YOUR INSTRUCTIONS: Every record below is to be restated verbatim, though its images are not.
##### MATERIAL SUPPLIED
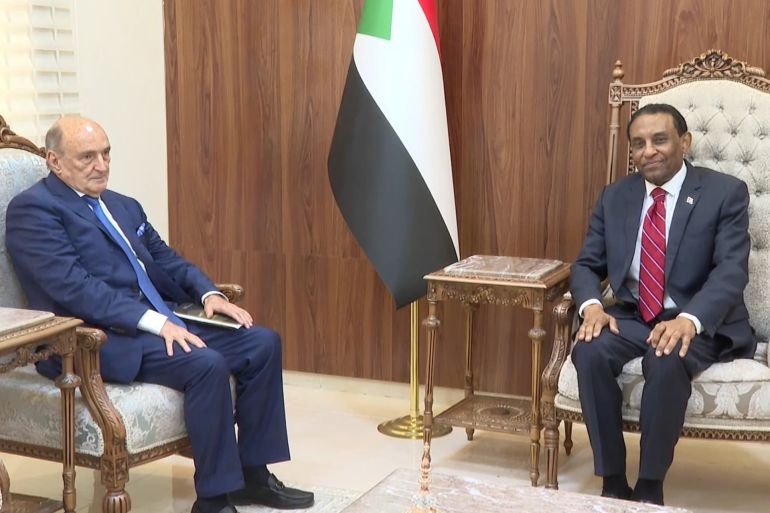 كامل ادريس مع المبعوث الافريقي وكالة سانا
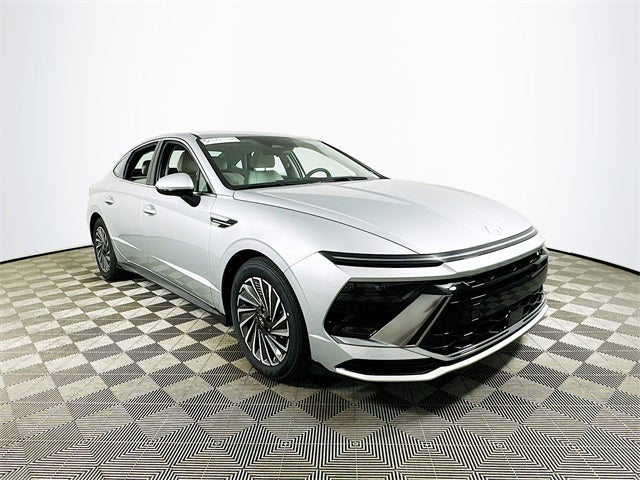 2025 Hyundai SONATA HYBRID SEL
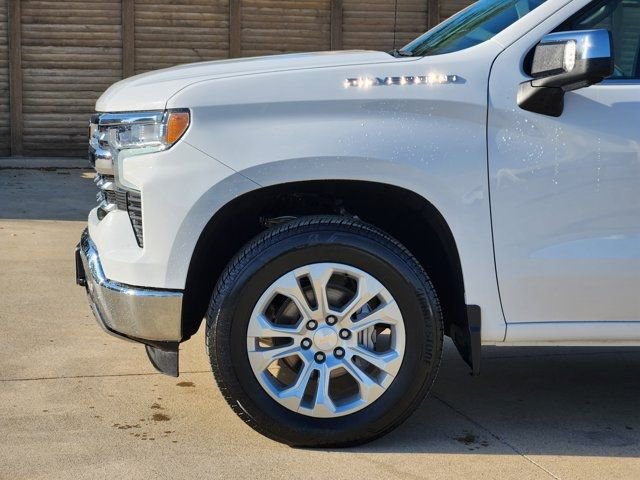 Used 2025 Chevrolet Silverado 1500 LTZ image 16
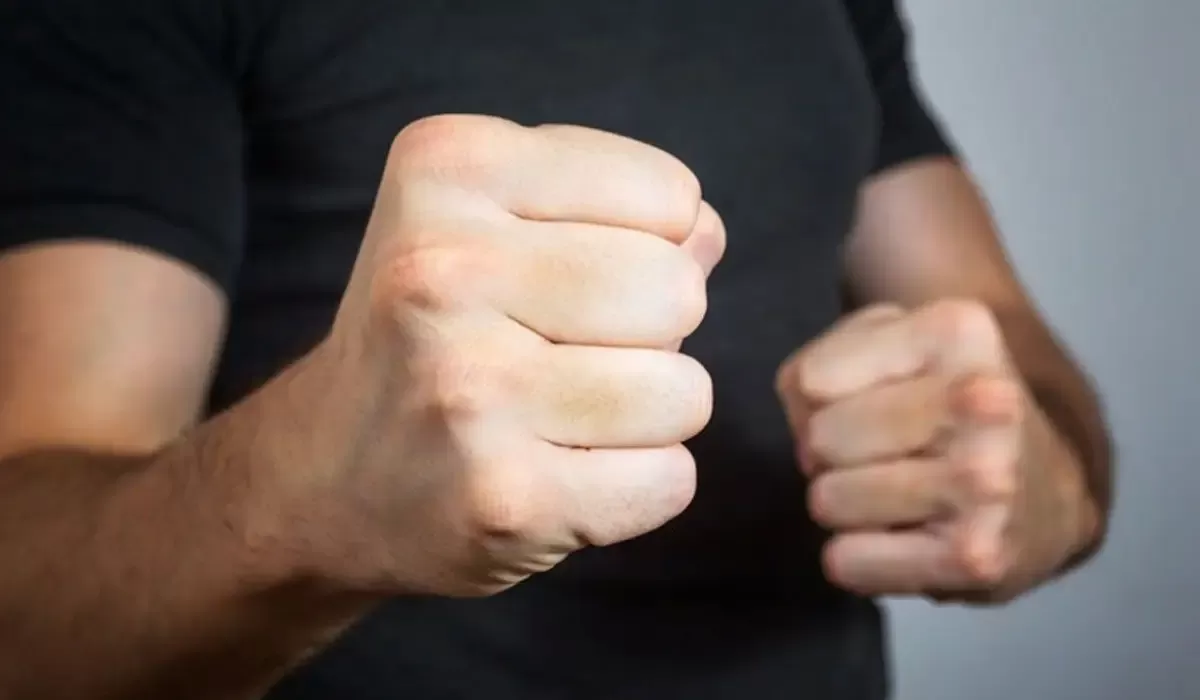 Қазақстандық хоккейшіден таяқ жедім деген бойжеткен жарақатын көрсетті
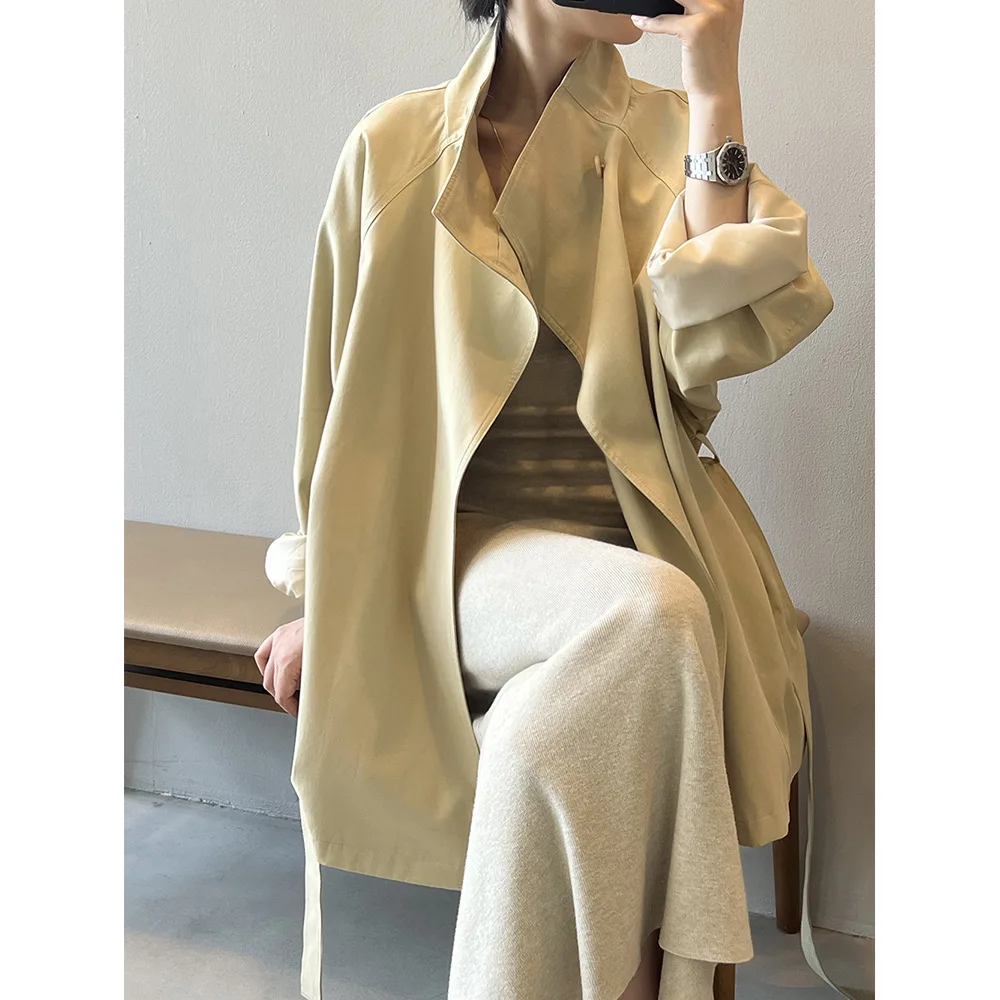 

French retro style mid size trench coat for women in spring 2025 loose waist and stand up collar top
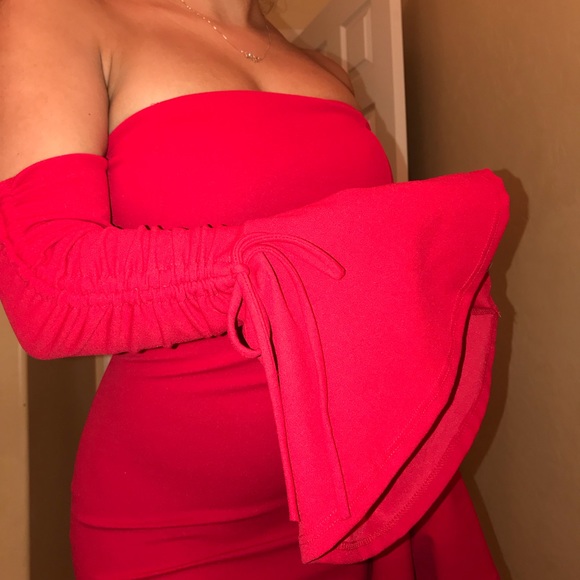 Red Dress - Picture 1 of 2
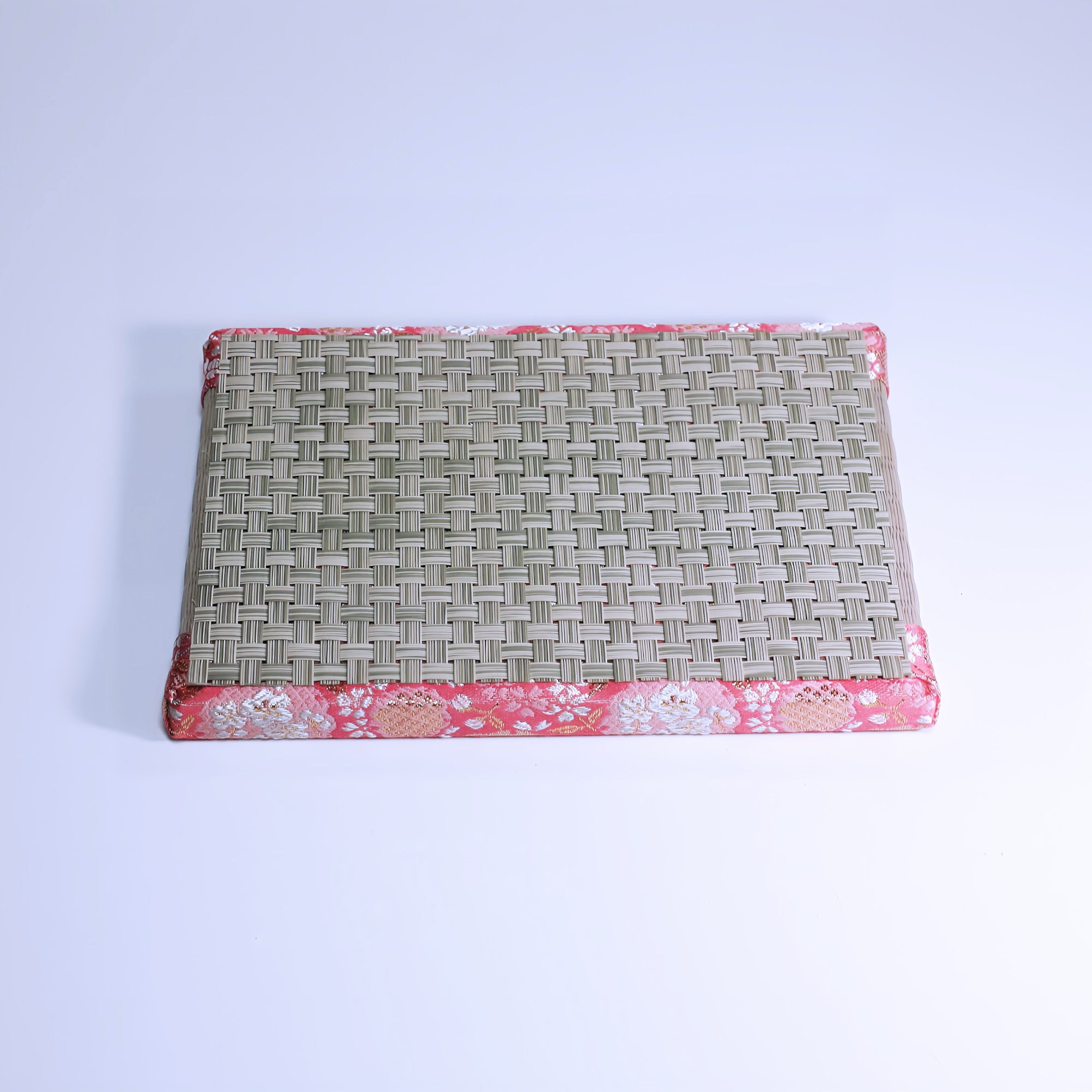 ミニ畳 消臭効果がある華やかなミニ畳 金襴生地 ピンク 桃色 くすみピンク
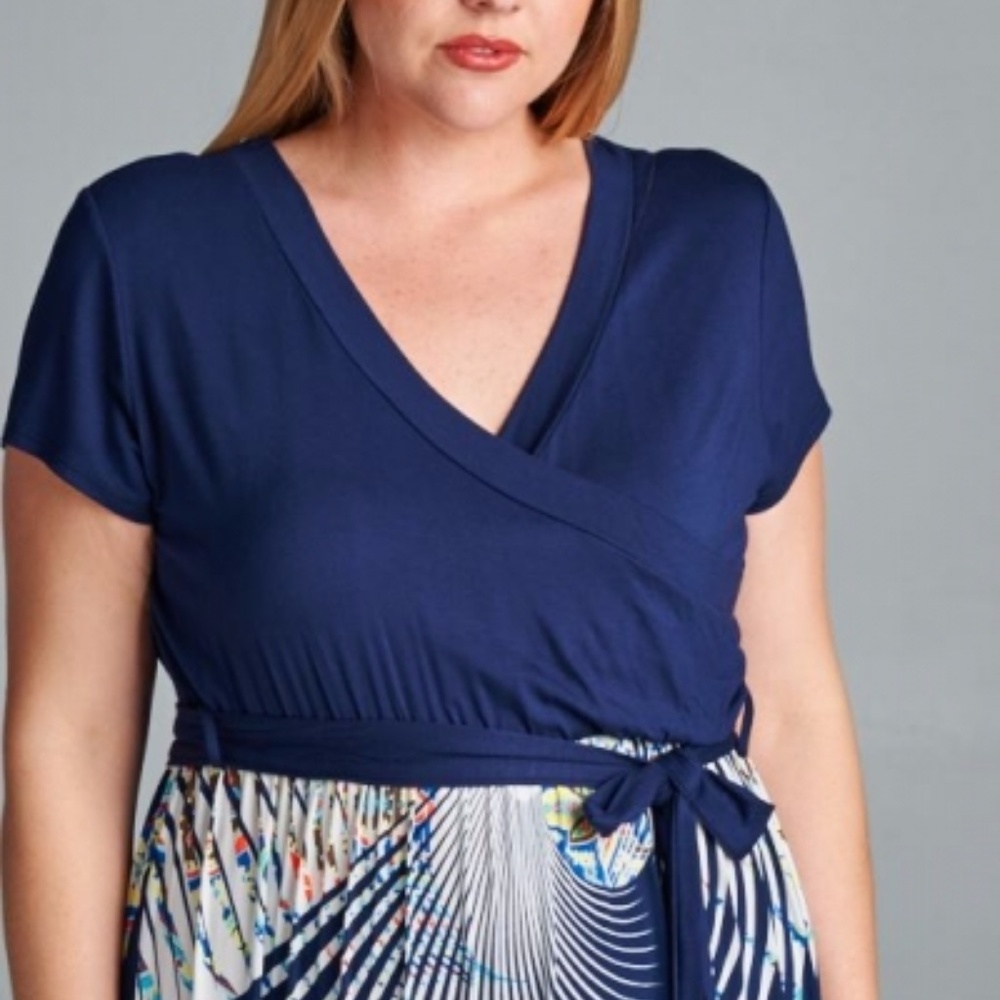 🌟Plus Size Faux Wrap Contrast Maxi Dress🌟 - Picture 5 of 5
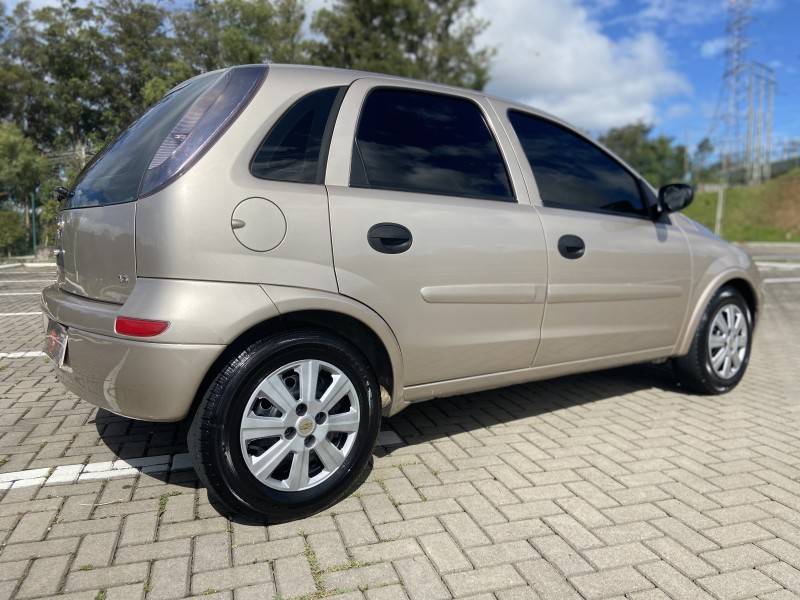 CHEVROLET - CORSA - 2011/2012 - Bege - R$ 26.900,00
##########
SOLUTION FOR THIS EXERCISE:
 كامل ادريس مع المبعوث الافريقي وكالة سانا
 2025 Hyundai SONATA HYBRID SEL
 Used 2025 Chevrolet Silverado 1500 LTZ image 16
 Қазақстандық хоккейшіден таяқ жедім деген бойжеткен жарақатын көрсетті

French retro style mid size trench coat for women in spring 2025 loose waist and stand up collar top
 Red Dress - Picture 1 of 2
 ミニ畳 消臭効果がある華やかなミニ畳 金襴生地 ピンク 桃色 くすみピンク
 🌟Plus Size Faux Wrap Contrast Maxi Dress🌟 - Picture 5 of 5
 CHEVROLET - CORSA - 2011/2012 - Bege - R$ 26.900,00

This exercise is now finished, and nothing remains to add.